Drew is "retiring" after more than 30 years at the bank, JPMorgan said.

Her departure comes days after the bank reported a huge "egregious" loss that came under her responsibility at the bank's chief investment officer.

"Ina Drew has been a great partner over her many years with our firm," chief executive and chairman Jamie Dimon said.

"Despite our recent losses in the CIO, Ina's vast contributions to our company should not be overshadowed by these events," Dimon said. No mention was made in the statement of any of the other CIO officials reportedly involved in the loss.

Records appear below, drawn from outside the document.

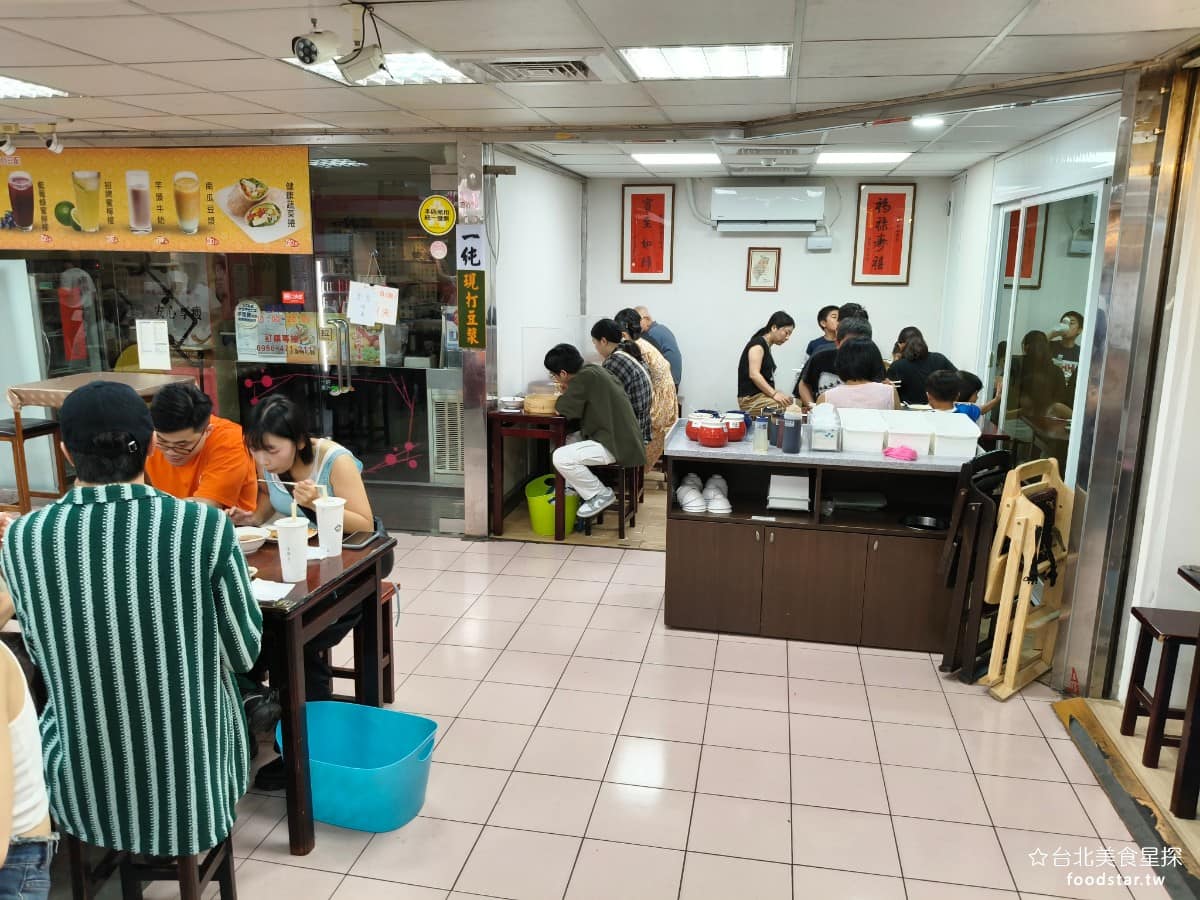 頂好紫琳蒸餃館 頂好紫琳蒸餃館菜單 頂好紫琳蒸餃館推薦 大安區美食 大安美食 忠孝敦化美食 中式料理 用餐環境整體算乾淨明亮,雖然位在老舊大樓地下室,但空氣不會很悶,也沒有太重的油煙味。餐具、醬料、小菜都是自助式,集中放在中央區域,客人自己拿取後,找位置坐下即可。 @台北美食星探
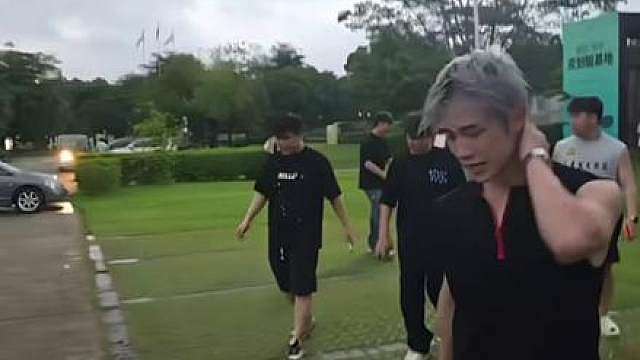 到饭点休息的时候，童哥离开手机那一刻才是他自己，童哥很努力，今天播的很好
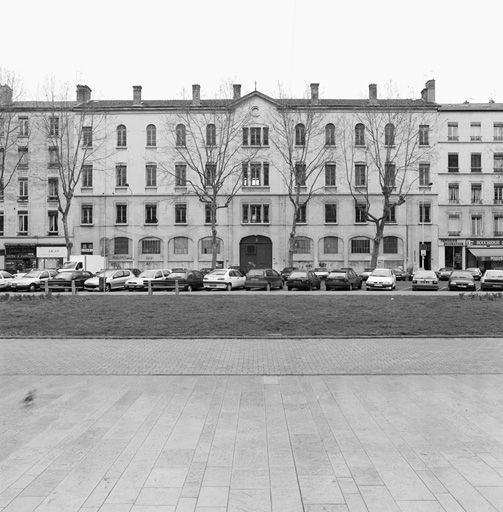 Salle paroissiale dite patronage ; presbytère ; école des Frères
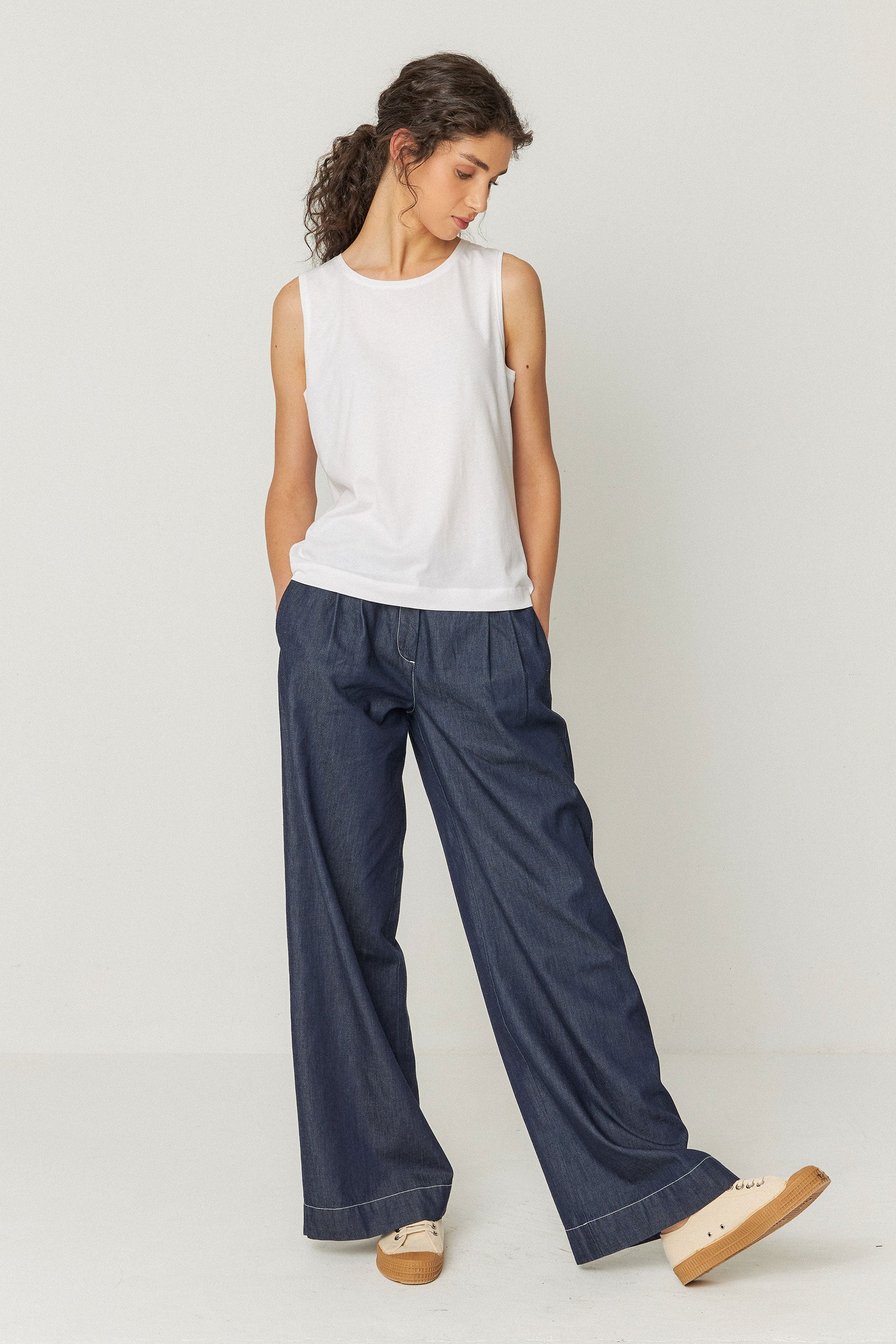 skfk femme debardeur zuntz 2 blanc coton bio l armoire poethique  3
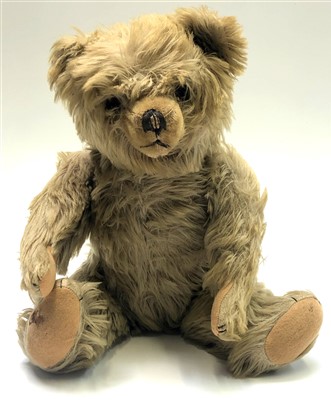 Lot 526 - A growling teddy bear, height 47cm.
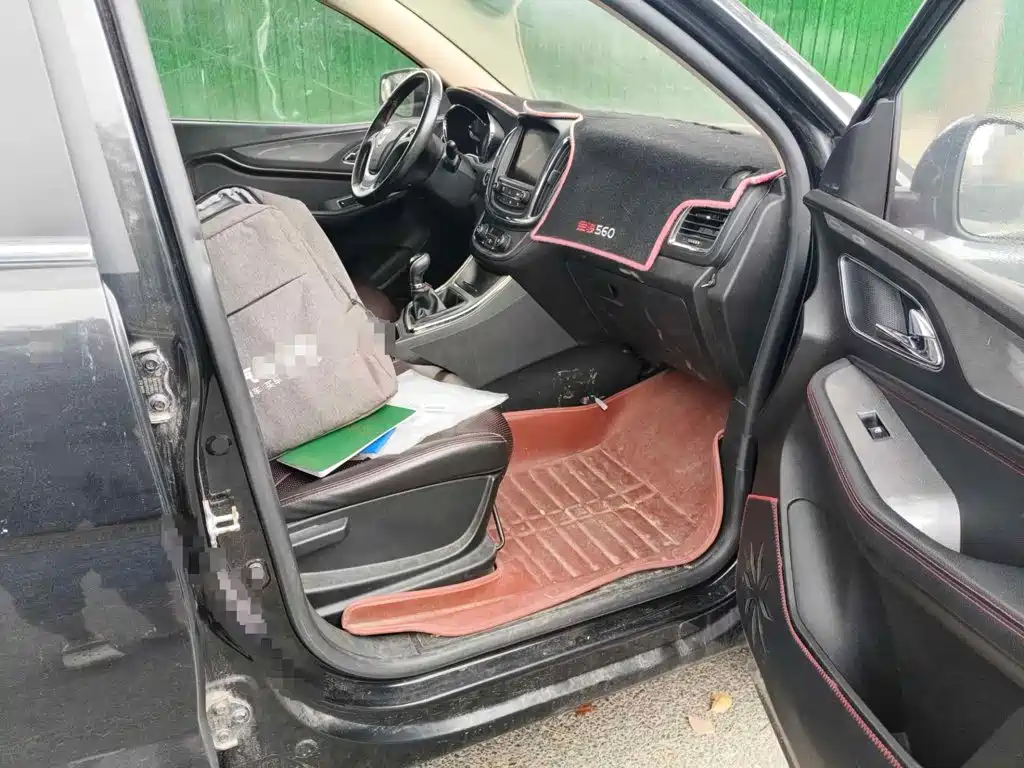 Baojun 560 2015 2015 1.8L Manual Luxury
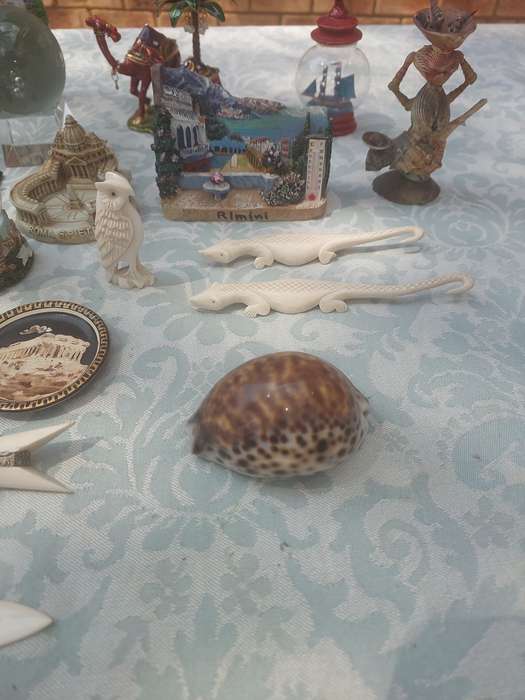 A VINTAGE JOBLOT COLLECTION FIGURINES SOLD AS IS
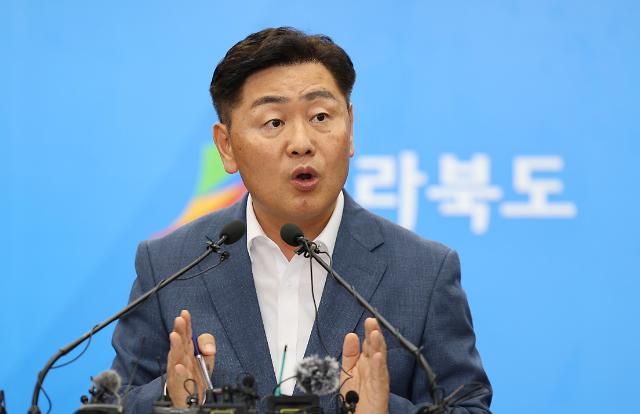 답변하는 김관영 전북지사 전주연합뉴스 정경재 기자 김관영 전북도지사가 14일 전북도청 브리핑룸에서 열린 2023 새만금 세계스카우트잼버리 파행과 관련한 기자회견에서 발언하고 있다 2023814 jayaynacokr2023-08-14 143457 저작권자 ⓒ 1980-2023 ㈜연합뉴스 무단 전재 재배포 금지저작권자 ⓒ 1980-2023 ㈜연합뉴스 무단 전재 재배포 금지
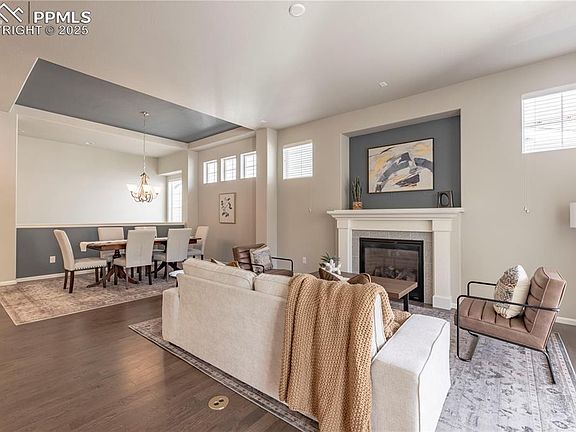 5th image of 2490 Lassen Ln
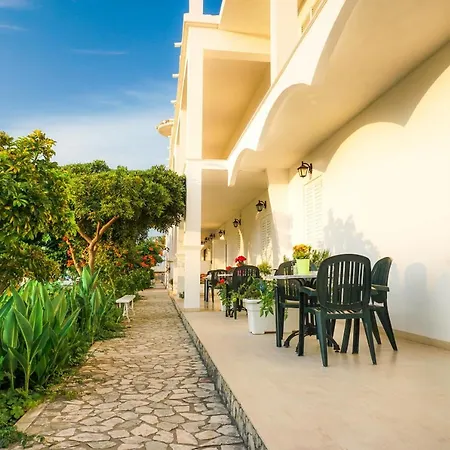 Cubaneros Hotel *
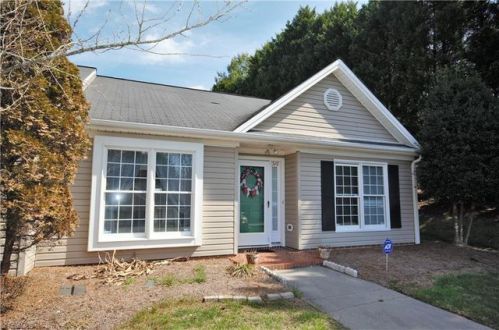 516 Smith St, Eden, NC 27288-5859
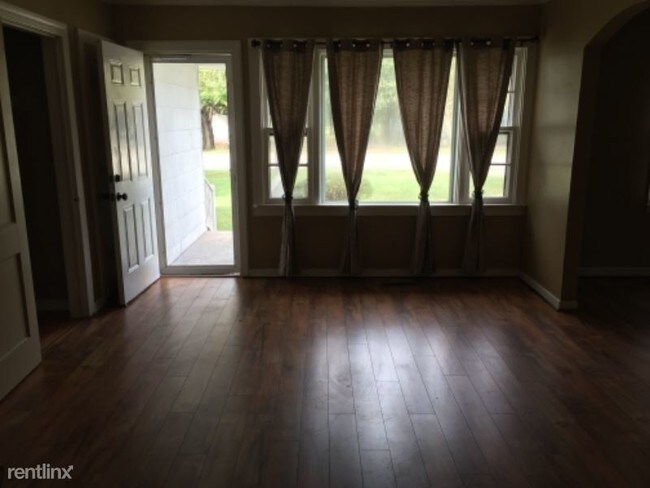 Building Photo - 2 br, 1 bath House - 1013 East Carolina
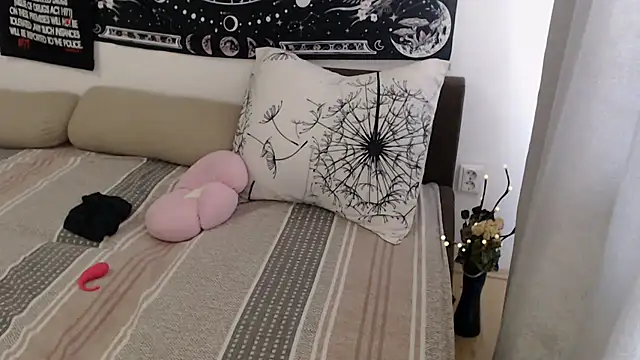 AlienforTwenty Live XXX-Chat
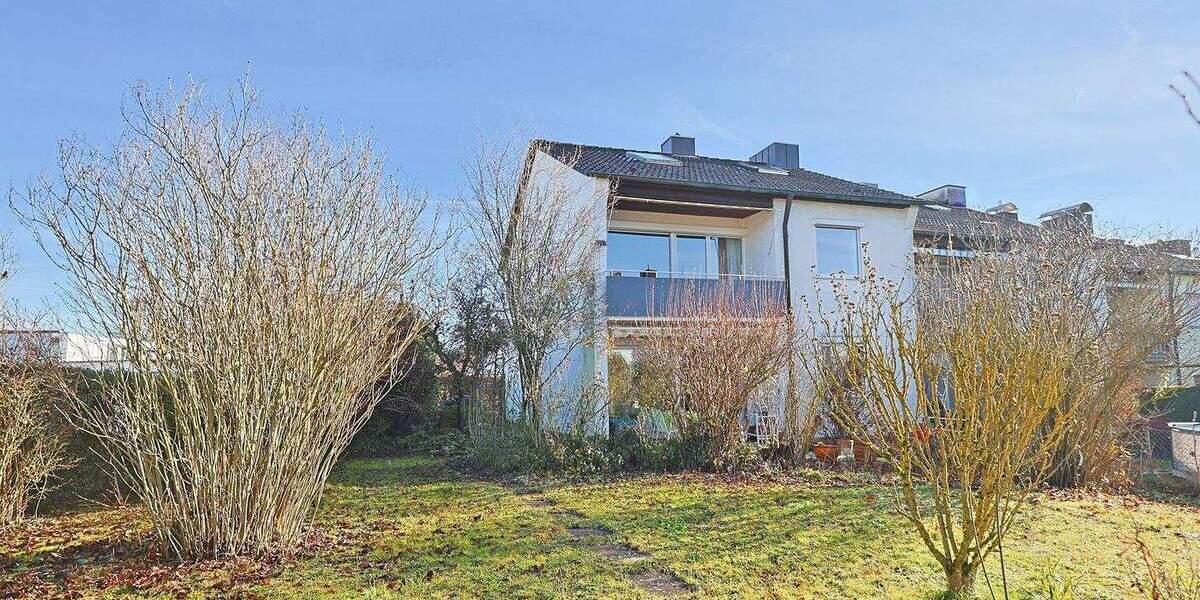 Reihenendhaus Sindelfingen Mitte - 7 Zimmer, 155 m&sup2;, 595.000&euro; | Angebot:25702479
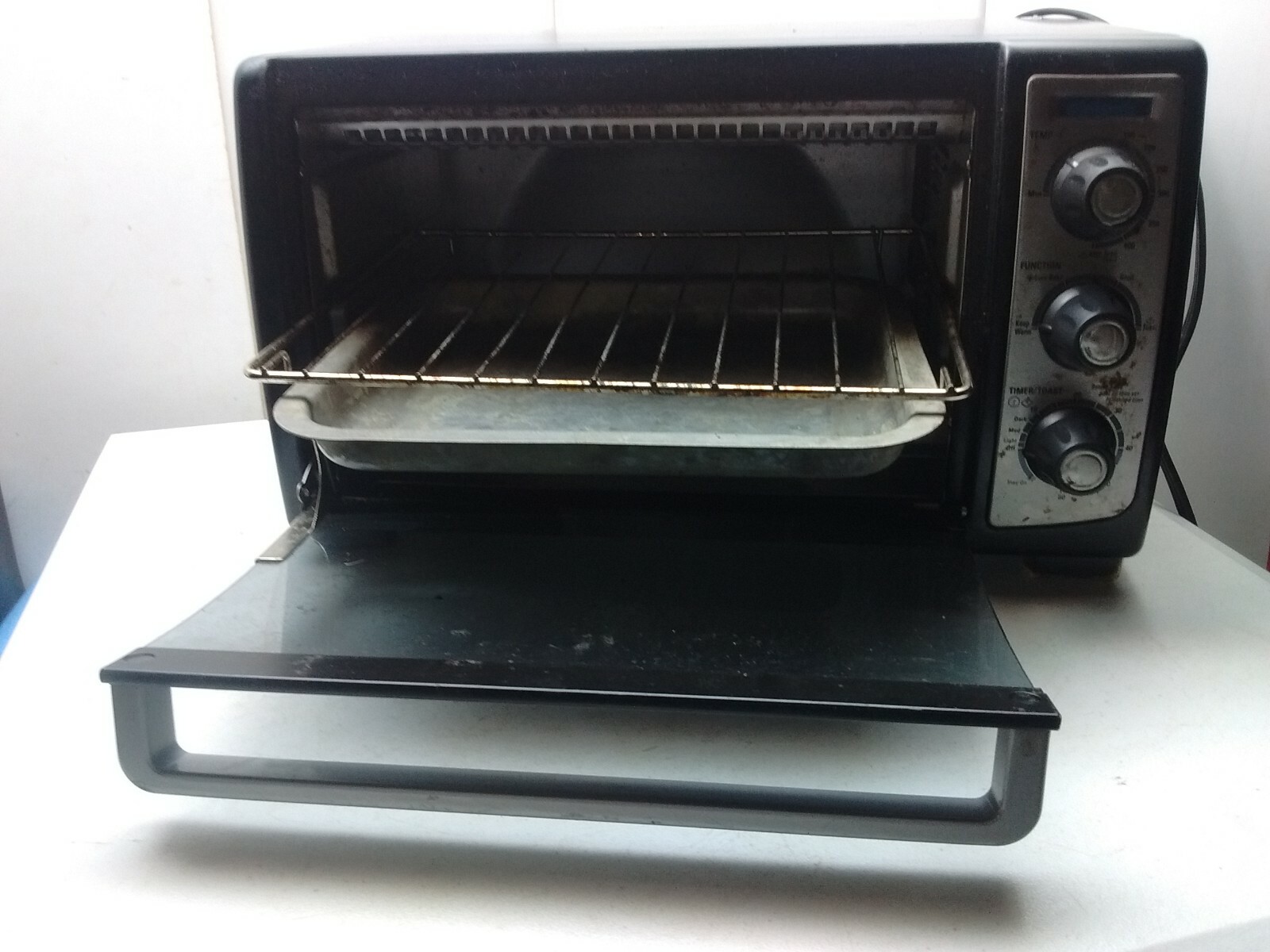 Black & Decker Convection Countertop 4-Slice Toaster Oven Wire Rack ...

The Wall Street Journal said two other high-ranking executives were set to leave this week: Achilles Macris, who heads the London-based desk that placed the trades, and trader Javier Martin-Artajo, a managing director on Macris's team.

Attention has also focused on the role of a London-based JPMorgan trader, French-born Bruno Michel Iksil, nicknamed "The London Whale" and "Voldemort," after the villain in the Harry Potter books.

Drew had repeatedly tendered her resignation since the extent of the loss became apparent in late April, but Dimon had refused to accept it until now, according to the reports. She will be replaced by Matt Zames, currently head of JPMorgan's global fixed-income unit.

Losses show need for Wall Street reform - White House

The White House said today that the massive derivatives trading losses incurred by JPMorgan Chase highlighted the need to "fully implement" Wall Street reforms passed in 2010.

"This event only reinforces why it was so important to pass Wall Street reform, why it is so important to fully implement Wall Street reform," White House spokesman Jay Carney said on board Air Force One.

"Ever since it passed, there's been millions and millions of dollars spent by Wall Street lobbyists to try to water down, delay, and render ineffective those rules to be put into place," Carney said.